Seguì il fratello nella sala da pranzo trovandovi già i loro genitori ad attenderli come ogni mattina. «Buongiorno madre, buongiorno padre» fece un leggero inchino per poi sedersi, ricevendo un freddo sorriso dalla propria madre e un cenno del capo dal suo patrigno impegnato a leggere il giornale. 
«Guarda che disastro, la compagnia di Balletto sta proprio andando a rotoli, di questo passo dovremmo davvero considerare il tuo trasferimento a San Pietroburgo» esclamò il padre di punto in bianco e subito Jimin si irrigidì a quelle parole. 

Non voleva lasciare la compagnia, per quanto non andasse pazzo per buona parte dei ballerini con cui doveva avere a che fare, era comunque affezionato alla sua compagnia, essendo praticamente cresciuto in quel posto. In più andare in Russia voleva dire abbandonare Seokjin in balia dei loro genitori e questo non lo poteva permettere. Per quanto potesse risultare inutile voleva preservare l’animo gentile del fratello dalle mani approfittatrici dei suoi parenti, che non vedevano l’ora di accoppiarlo con qualche giovane e ricca donna francese per poterlo poi manipolare a loro piacimento. 

Seokjin non era certo uno stupido, lo sapeva anche lui come stavano le cose e certo non ne era felice, solo si sentiva troppo debole per anche solo tentare di controbattere il volere dei suoi genitori e questa poca stima di sé era causa loro, che lo tenevano come rinchiuso in una bolla. L’unico a trattarlo come un adulto era Jimin, che gli portava anche tutti i libri con cui Seokjin si dilettava, essendo l’unico svago concesso nella sua vita. 
Ogni giorno aveva il permesso di uscire per qualche ora per poter raggiungere un parco poco frequentato vicino alla loro abitazione dove, negli anni, Jin aveva trovato il posto perfetto per le sue ore di lettura, ovvero una panchina sotto un salice piangente, accogliente e riparato, il suo piccolo posto felice in una vita che non lo era molto.

«Padre ve ne prego, sono certo che le cose si sistemeranno al più presto, in più sarebbe una spesa non indifferente da affrontare» Jimin provò l’opzione dei soldi che, quasi sempre, funzionava molto bene come deterrente per certe scelte.
Quasi sempre, a meno che non vi fosse in gioco la possibile “fama” di Jimin e cioè la sua possibilità di diventare étoile, aspetto che non aveva considerato mentre tentava di far desistere il padre. 

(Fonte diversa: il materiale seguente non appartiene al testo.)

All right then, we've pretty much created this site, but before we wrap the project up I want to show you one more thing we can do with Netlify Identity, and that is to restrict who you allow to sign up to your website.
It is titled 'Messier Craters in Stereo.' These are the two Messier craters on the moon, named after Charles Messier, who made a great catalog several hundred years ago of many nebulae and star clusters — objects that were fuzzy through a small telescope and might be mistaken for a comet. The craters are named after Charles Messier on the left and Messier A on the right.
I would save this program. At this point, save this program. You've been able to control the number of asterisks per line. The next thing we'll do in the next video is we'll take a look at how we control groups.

«Mi stupisco della tua stupidità, se la compagnia continua così le tue possibilità di diventare primo ballerino diventeranno inesistenti e noi non vogliamo questo vero Jimin?» sbattè il pugno sul tavolo e guardò il figlio che aveva osato rispondergli con uno sguardo infuocato di rabbia. 

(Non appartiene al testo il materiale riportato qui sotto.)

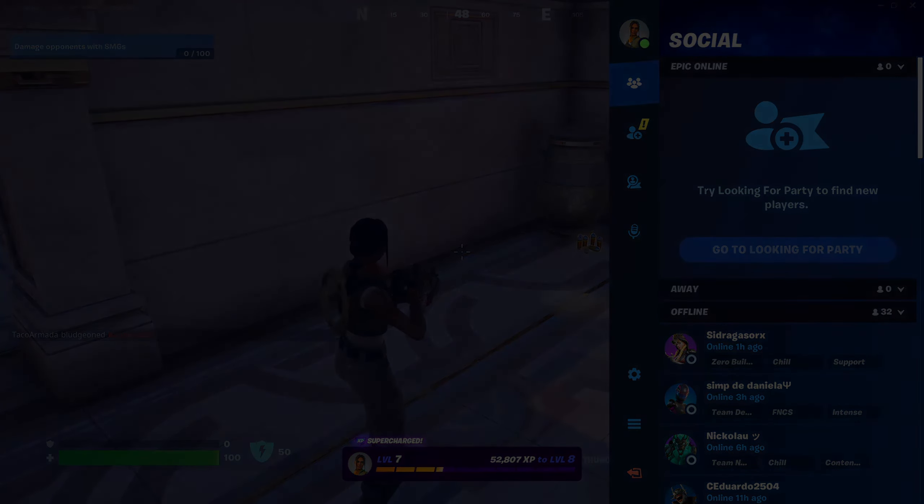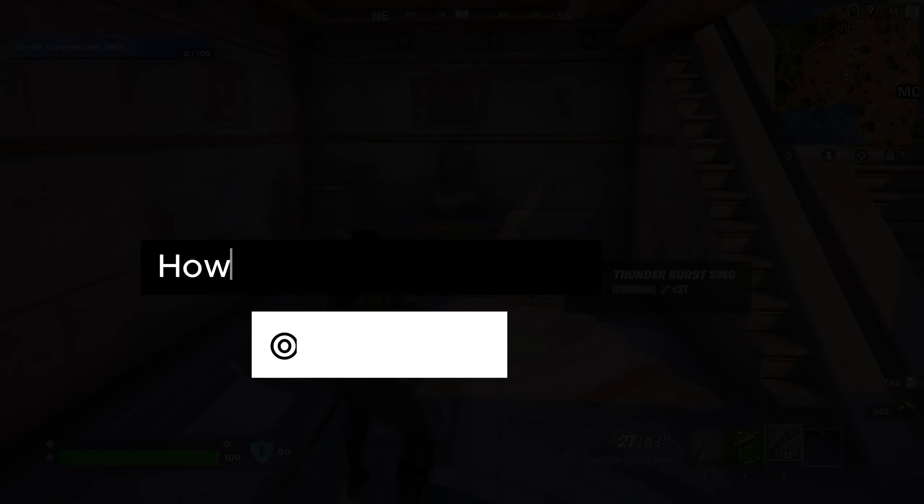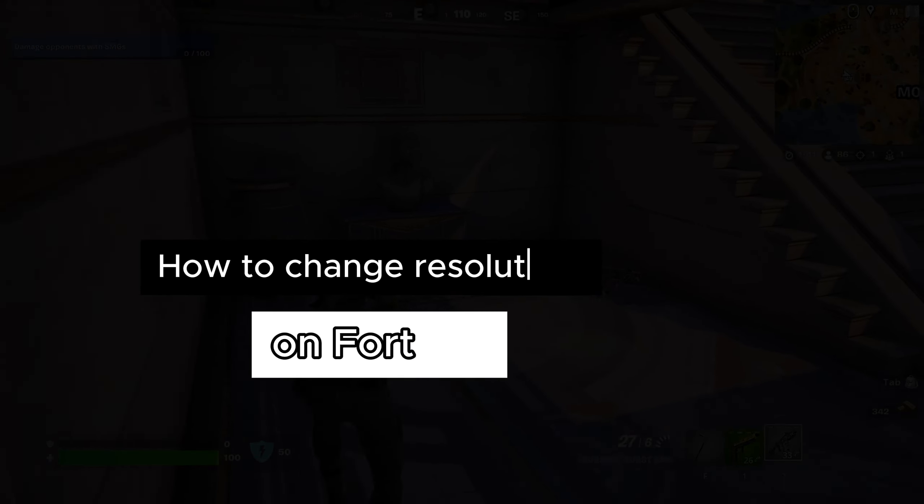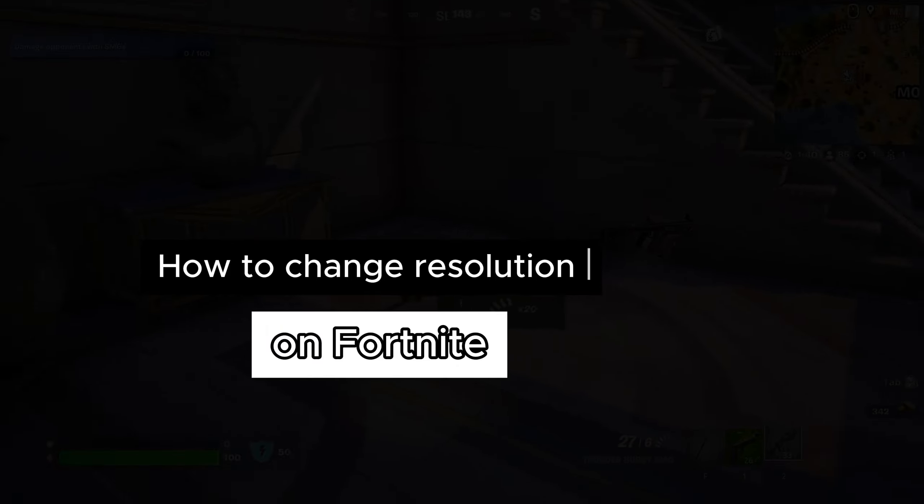Hello guys, in this video I will show you how to change the resolution on Fortnite. Well, let's start.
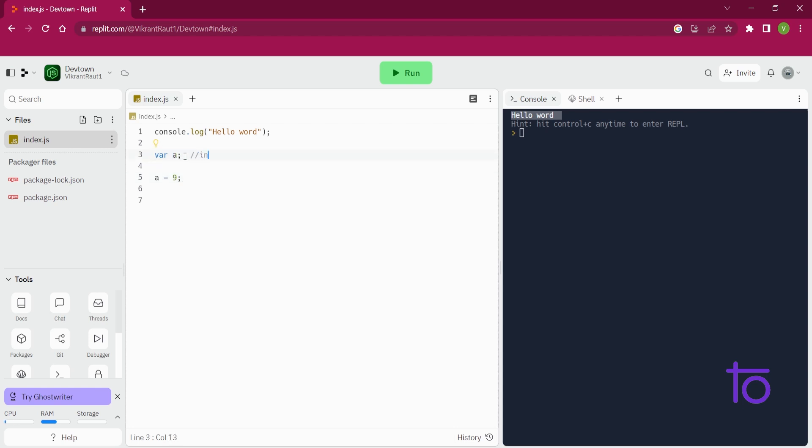Okay, so this line number 3 is known as initialization. Initialization means I am just typing out the name that my variable a is present inside my code, so that I can use it anywhere I want. And the second line is just assigning some value to the variable that I have initialized over here on line number 3.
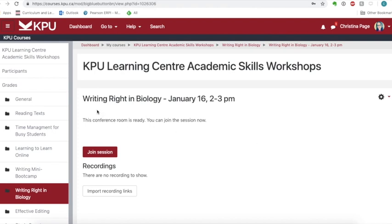At the top, you'll see the name of the workshop, the date and the time. When the workshop is about to start, you'll see a red button here that allows you to join the session.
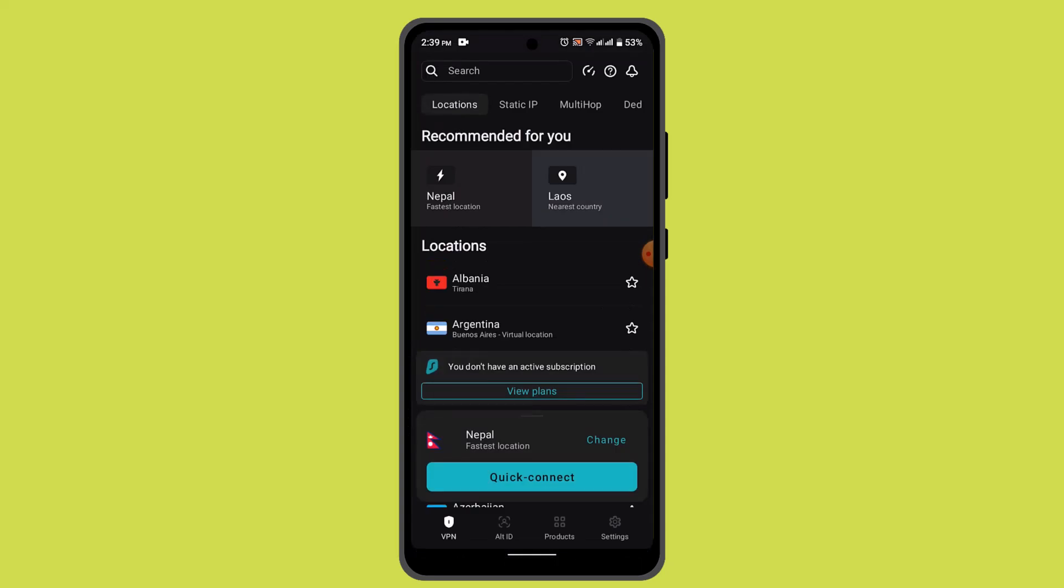For that, log in by entering your credentials. When you're logged in, by default it's going to direct you to the home page. Over here, you can look for the settings or preferences section within the Surfshark VPN app.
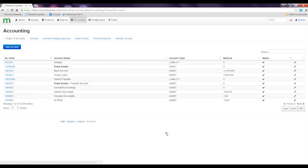That is how you set up charts of accounts using the Muzini system. Hope you had a good time listening to this tutorial and thanks for your kind attention.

Jimin abbassò lo sguardo impaurito, era stato sconsiderato rispondergli, avrebbe dovuto impararlo dopo tanti anni, invece ancora oggi si ritrovava a parlar troppo, per poi subirne le conseguenze.

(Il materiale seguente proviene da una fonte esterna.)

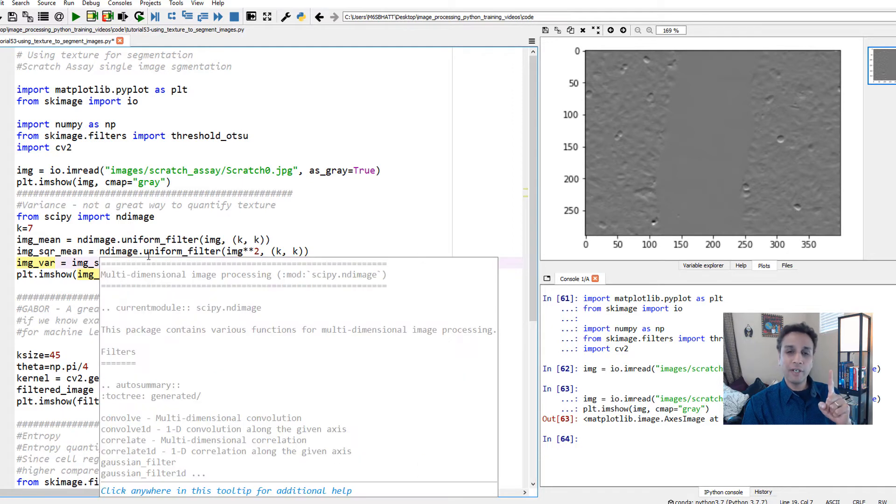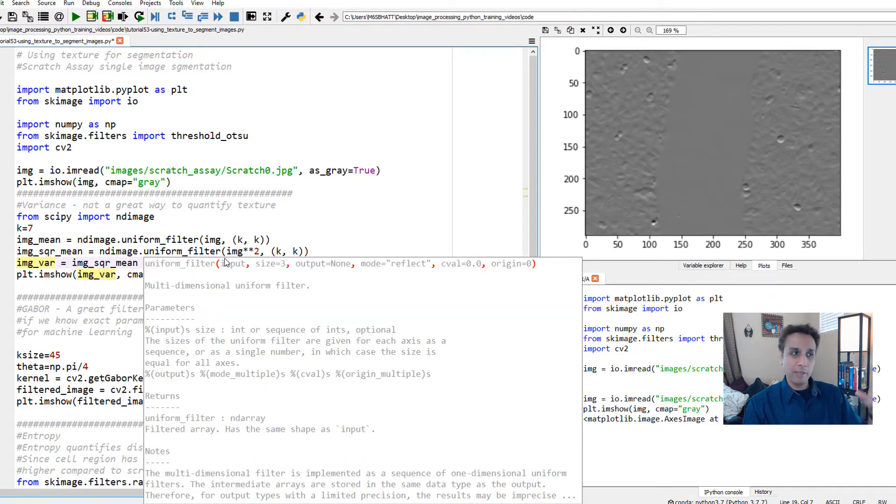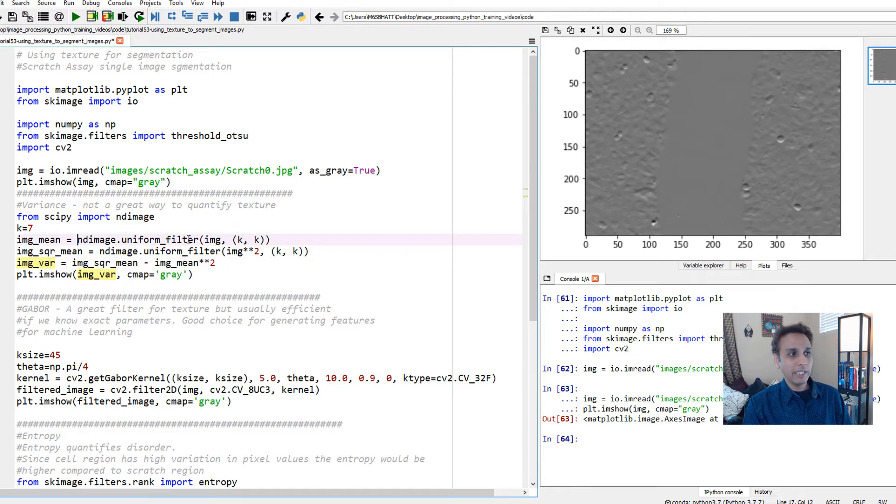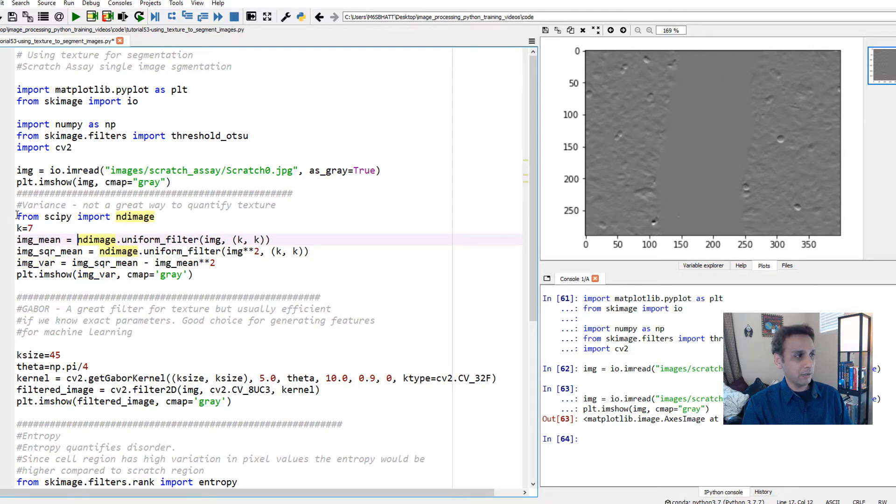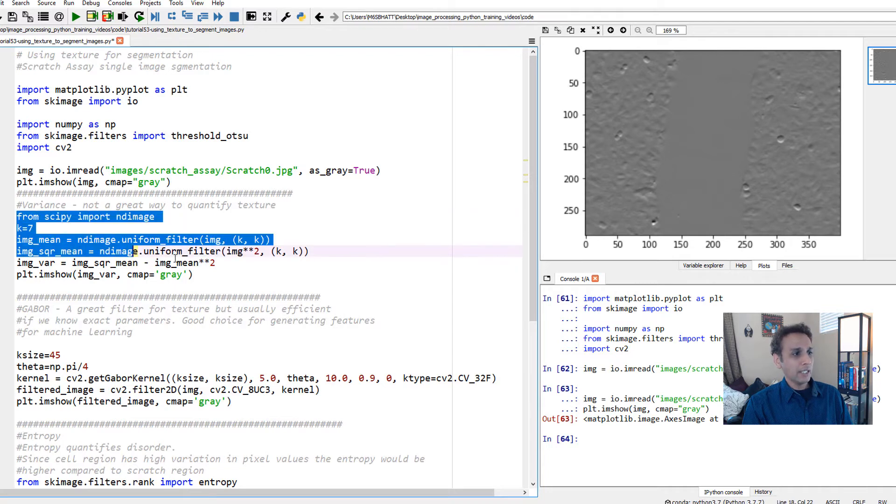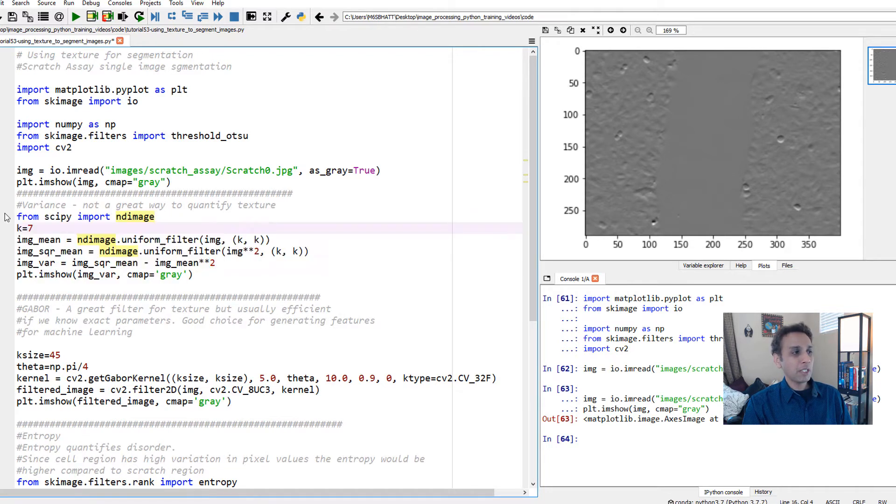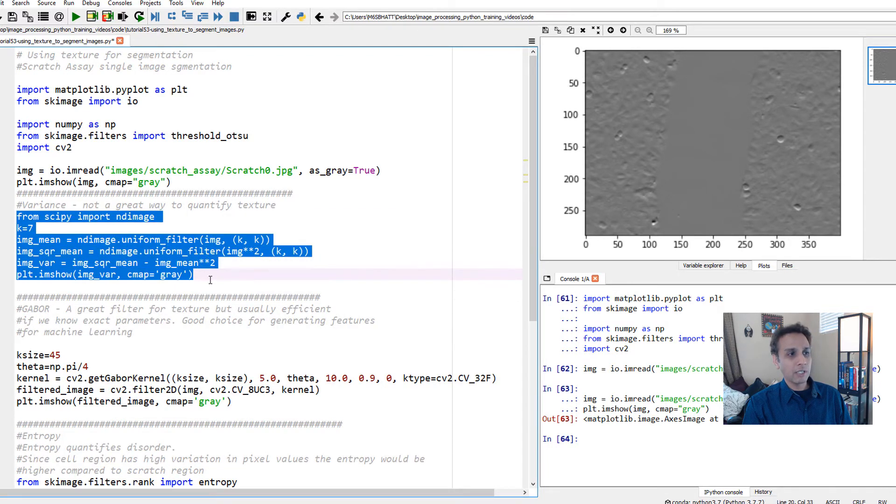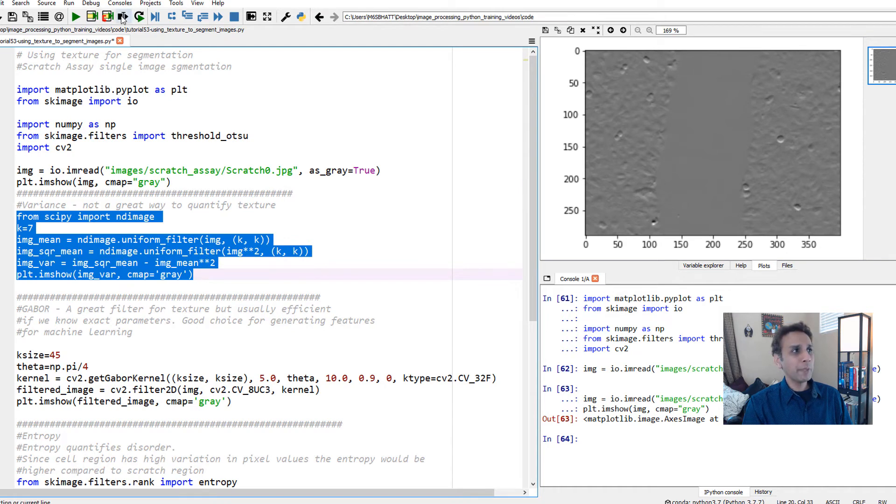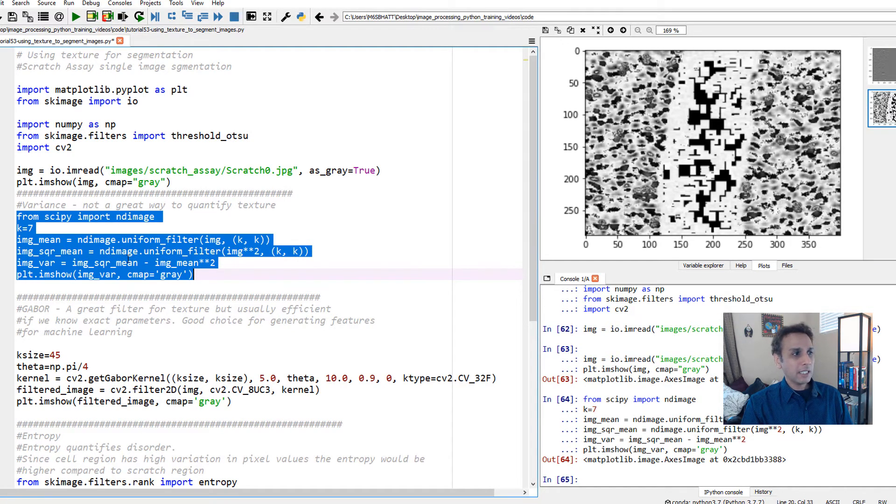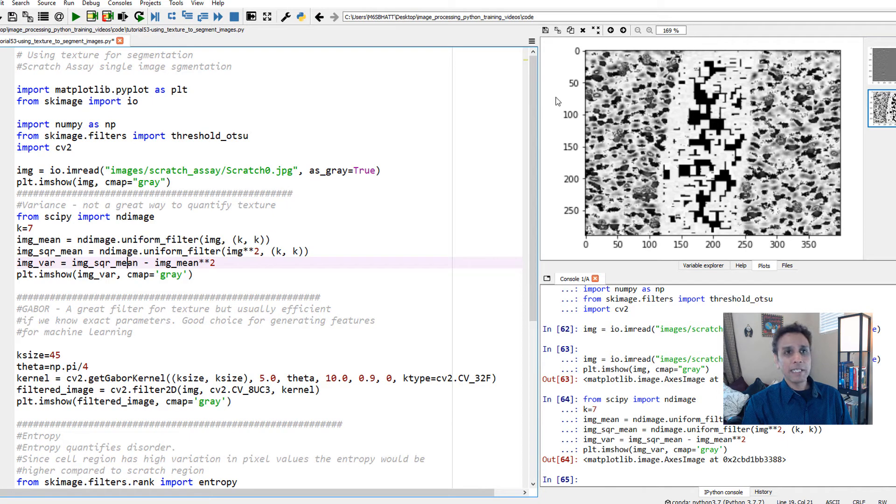Otherwise you get one single variance for the entire image. The point is running a seven by seven patch and calculating these means. Go through this code and see if it makes sense. I'm going to plot this. I'm not spending too much time because I know this is not very useful.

«Vedo che la punizione dell’altro giorno non ha lasciato bene il segno il quella tua maledetta testolina, hai bisogno di una rinfrescata per caso?» alzò ancora la voce l’uomo facendo tremare anche Seokjin, pur non essendo il centro della rabbia del padre, lui quella rabbia non l’aveva mai sperimentata, ma le urla di Jimin la notte le sentiva bene e ogni volta erano sempre più strazianti. 
«Caro non è il momento, deve andare alle prove ora» intervenne la moglie, non tanto per salvare il figlio, quanto più per evitare domande che dei lividi evidenti avrebbero portato. Il padre sbuffò tornando al suo giornale e Jimin dopo poco si alzò per poter uscire da quella casa che per lui era il suo incubo giornaliero.